Yeah, that’s just twisted. :smiley:

I like the soundtrack from the Charlie Brown Christmas cartoon as Christmas music. People laugh when they hear the idea, but then they start listening and want to borrow the CD (and don’t return it - growl).

Ugh. Certainly, the “creative” variations on the standards can be quite excruciating.

And let me tell ya, it doesn’t get any better in different cultures, we also get annoyingly repetitive Xmas music programming. In my particular context we have to deal with “Chrismas music” having to do nothing with the Holiday, but that just has the beats, rhythms, styles of the traditional seasonal music backing up the usual vulgar/commercial lyric content.

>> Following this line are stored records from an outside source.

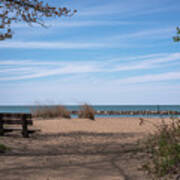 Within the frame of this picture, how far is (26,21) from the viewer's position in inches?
383

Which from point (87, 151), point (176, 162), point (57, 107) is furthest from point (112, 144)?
point (57, 107)

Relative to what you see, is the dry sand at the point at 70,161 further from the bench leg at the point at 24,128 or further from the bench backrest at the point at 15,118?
the bench backrest at the point at 15,118

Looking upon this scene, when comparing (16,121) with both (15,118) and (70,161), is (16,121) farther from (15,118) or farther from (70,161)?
(70,161)

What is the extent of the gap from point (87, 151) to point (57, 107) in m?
11.4

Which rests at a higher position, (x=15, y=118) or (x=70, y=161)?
(x=15, y=118)

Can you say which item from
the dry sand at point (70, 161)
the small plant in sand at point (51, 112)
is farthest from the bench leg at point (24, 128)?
the small plant in sand at point (51, 112)

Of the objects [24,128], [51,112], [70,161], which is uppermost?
[51,112]

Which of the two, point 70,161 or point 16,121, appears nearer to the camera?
point 70,161

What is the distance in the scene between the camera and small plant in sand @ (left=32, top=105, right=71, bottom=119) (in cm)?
1917

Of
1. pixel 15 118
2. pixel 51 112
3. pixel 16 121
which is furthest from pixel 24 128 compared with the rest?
pixel 51 112

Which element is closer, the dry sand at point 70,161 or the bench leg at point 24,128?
the dry sand at point 70,161

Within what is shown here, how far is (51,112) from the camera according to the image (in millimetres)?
19562

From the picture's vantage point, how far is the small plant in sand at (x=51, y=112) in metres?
19.2

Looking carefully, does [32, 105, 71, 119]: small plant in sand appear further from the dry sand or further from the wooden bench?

I played Urinetown’s rendition of “Little Davey Dinckle” at work five times in a row. I have been informed that if I ever play it here again, I will killed with an electric drill; i.e. bored to death.

Good King Wenceslas looked out
And burned to a crisp in a fire

Yeah, you’re right. Doesn’t have quite the same ring to it. The only solution: Australian Christmas music. Down with winter-themed songs!

A few Christmas songs I enjoy: O Holy Night, The Shepherds Watched their Flocks By Night (which seems to have completely disappeared from the repertoire lately for some unfathomable reason), Christmas on Christmas Island (I dig big-band Hawaiian music :slight_smile: ) but I concur on singing the songs the way they were meant to. No more screeching, “SAAAAAAAAAAN-ta Claus is coming - to TOOO-oown!!” Bloody hell!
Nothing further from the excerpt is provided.